# Simple Linear versus Ridge Regression 

## Summary

Linear regression was one of the earliest types of regression that studied rigorously. It is widely used for predicting continuous values. For that reason, we used the “Boston house prices dataset” to address this regression problem. The model takes into account 13 attributes to try to predict the price of a house in Boston.

The program itself should be run linearly as to ensure the appropriate libraries are loaded and all data pre-processing occurs before we run any regressions. We can then run the regressions and see the performance of different regression parameters in the 11th and 12th code block. By observing the train and test error, we can determine that the best performing model is a Linear Regression with Polynomial Features of Second Order. Since it contains 105 parameters, it would be impractical for me to list them in this report, but they can be found in the 13th code block of the program. We can see that the parameters vary across many degrees of magnitude all the way from e-05 to e+01.

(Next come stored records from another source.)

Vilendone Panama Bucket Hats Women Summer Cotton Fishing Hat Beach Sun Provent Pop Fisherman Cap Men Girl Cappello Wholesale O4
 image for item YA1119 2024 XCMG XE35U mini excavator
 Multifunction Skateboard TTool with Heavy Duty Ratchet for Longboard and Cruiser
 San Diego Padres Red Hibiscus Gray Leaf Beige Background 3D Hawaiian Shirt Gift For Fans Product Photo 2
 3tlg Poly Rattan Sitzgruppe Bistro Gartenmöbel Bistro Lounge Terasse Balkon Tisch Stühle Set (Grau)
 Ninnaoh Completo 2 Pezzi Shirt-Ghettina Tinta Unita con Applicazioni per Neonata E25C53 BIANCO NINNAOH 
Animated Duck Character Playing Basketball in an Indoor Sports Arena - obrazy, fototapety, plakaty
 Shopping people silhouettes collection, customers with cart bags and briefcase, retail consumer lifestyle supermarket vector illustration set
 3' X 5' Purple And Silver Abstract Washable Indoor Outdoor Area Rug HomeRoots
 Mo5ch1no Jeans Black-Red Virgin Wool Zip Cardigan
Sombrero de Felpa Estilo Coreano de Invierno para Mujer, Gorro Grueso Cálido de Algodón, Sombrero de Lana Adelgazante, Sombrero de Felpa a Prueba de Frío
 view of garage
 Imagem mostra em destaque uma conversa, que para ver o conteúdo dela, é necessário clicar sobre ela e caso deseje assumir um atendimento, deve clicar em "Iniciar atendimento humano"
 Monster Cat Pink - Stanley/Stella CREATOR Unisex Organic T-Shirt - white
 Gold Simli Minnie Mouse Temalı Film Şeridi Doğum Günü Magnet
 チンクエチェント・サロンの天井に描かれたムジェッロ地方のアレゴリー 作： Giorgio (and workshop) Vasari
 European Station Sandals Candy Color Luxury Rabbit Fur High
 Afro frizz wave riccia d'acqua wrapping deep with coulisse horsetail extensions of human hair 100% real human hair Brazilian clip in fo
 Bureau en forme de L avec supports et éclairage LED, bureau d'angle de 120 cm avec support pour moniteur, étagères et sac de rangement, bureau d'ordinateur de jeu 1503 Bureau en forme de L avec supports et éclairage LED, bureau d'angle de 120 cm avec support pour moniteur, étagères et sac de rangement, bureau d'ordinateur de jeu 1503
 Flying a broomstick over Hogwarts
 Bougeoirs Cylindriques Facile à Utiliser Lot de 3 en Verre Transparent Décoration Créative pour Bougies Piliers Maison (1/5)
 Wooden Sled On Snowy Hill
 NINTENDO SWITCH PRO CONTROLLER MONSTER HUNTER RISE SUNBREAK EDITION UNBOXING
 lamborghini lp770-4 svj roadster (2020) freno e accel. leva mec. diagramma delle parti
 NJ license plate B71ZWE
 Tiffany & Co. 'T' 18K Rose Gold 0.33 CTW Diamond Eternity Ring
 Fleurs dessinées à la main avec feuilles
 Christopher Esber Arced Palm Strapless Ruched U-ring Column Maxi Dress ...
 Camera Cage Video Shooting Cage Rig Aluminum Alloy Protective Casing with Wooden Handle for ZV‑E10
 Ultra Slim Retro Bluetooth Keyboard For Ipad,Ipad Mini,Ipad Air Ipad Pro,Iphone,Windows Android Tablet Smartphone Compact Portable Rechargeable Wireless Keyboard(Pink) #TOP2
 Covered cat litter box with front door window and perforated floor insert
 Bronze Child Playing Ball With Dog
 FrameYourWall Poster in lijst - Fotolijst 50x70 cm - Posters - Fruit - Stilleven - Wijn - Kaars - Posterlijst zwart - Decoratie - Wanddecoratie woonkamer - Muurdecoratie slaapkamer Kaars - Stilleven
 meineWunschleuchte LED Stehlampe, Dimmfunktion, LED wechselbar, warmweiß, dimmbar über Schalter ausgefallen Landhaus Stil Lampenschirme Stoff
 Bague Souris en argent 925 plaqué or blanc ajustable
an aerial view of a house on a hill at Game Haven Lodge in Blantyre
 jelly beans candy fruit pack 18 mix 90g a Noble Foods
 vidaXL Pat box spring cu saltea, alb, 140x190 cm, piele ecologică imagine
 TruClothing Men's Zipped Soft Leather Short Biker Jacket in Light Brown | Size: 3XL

## Step 1:  Getting, understanding, and preprocessing the dataset

We first import the standard libaries and some libraries that will help us scale the data and perform some "feature engineering" by transforming the data into $\Phi_2({\bf x})$

In [1]:
import numpy as np
from numpy import matmul
import sklearn
from sklearn.datasets import load_boston
from sklearn.preprocessing import PolynomialFeatures
from sklearn import preprocessing
from sklearn.model_selection import train_test_split
import sklearn.linear_model
from sklearn.model_selection import KFold

import matplotlib.pyplot as plt

###  Importing the dataset

In [2]:
# Import the boston dataset from sklearn
# Load dataset to some variable 
boston_data = load_boston()

In [3]:
#  Create X and Y variables - X holding the .data and Y holding .target 
X = boston_data.data
y = boston_data.target


#  Reshape Y to be a rank 2 matrix using y.reshape()
# y = y.reshape(int(y.size/2),2)
# print("y has been reshaped to " + str(y.shape))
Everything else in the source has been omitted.